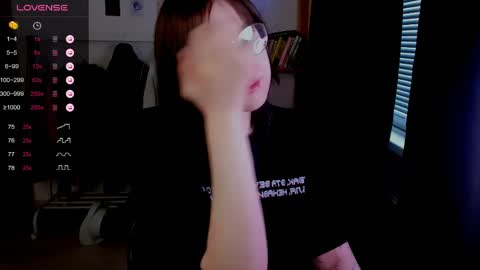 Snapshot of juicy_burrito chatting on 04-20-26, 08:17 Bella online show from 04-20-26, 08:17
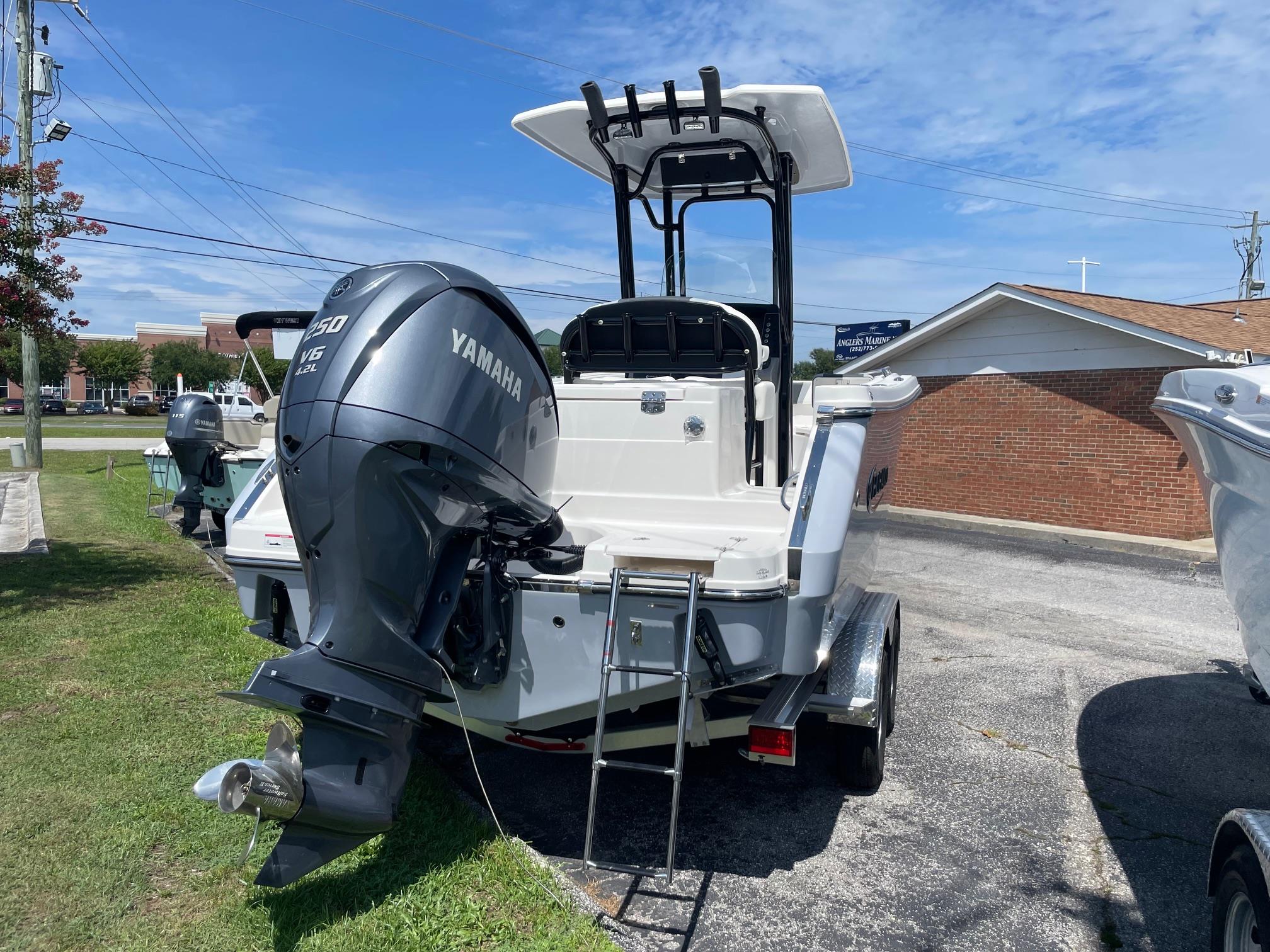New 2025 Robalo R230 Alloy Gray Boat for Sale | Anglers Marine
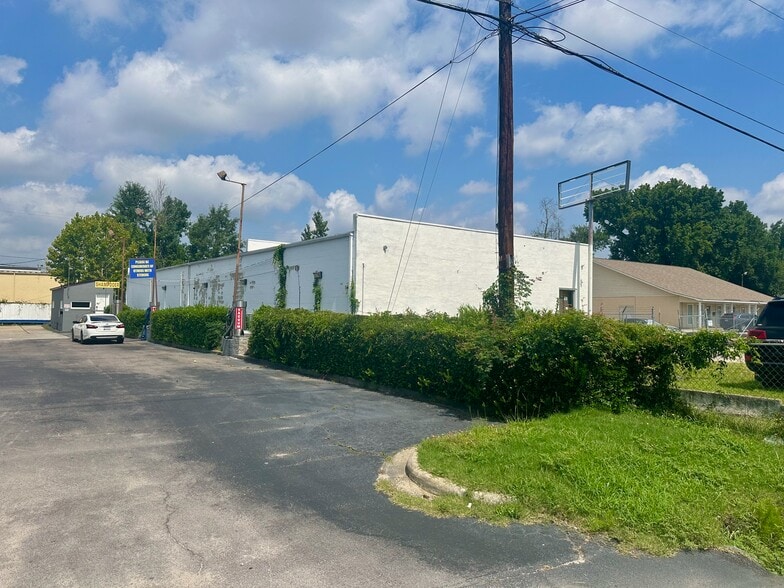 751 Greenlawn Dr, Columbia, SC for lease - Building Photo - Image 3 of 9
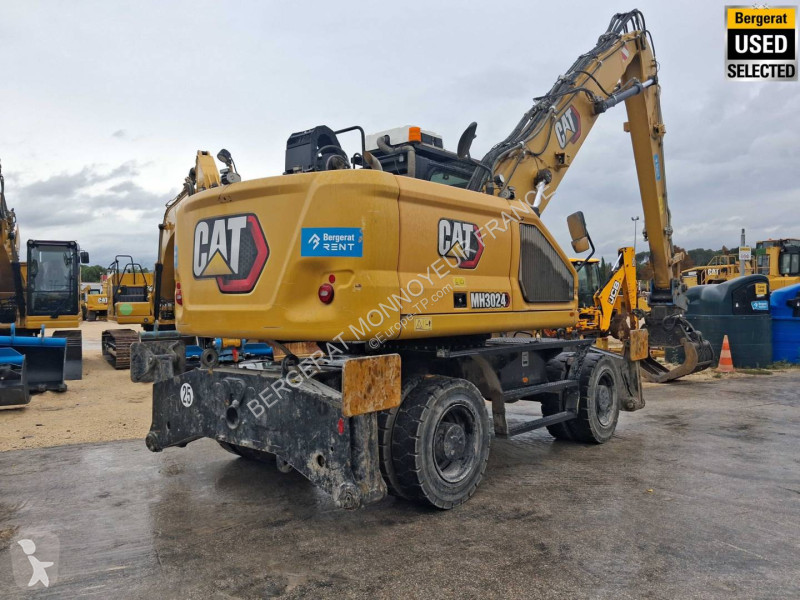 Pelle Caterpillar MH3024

:::::

▸ **TASK STATEMENT**: Your task is to repeat the data above exactly while excluding the pictures.

▸ **EXPECTED ANSWER**:
 Snapshot of juicy_burrito chatting on 04-20-26, 08:17 Bella online show from 04-20-26, 08:17
New 2025 Robalo R230 Alloy Gray Boat for Sale | Anglers Marine
 751 Greenlawn Dr, Columbia, SC for lease - Building Photo - Image 3 of 9
 Pelle Caterpillar MH3024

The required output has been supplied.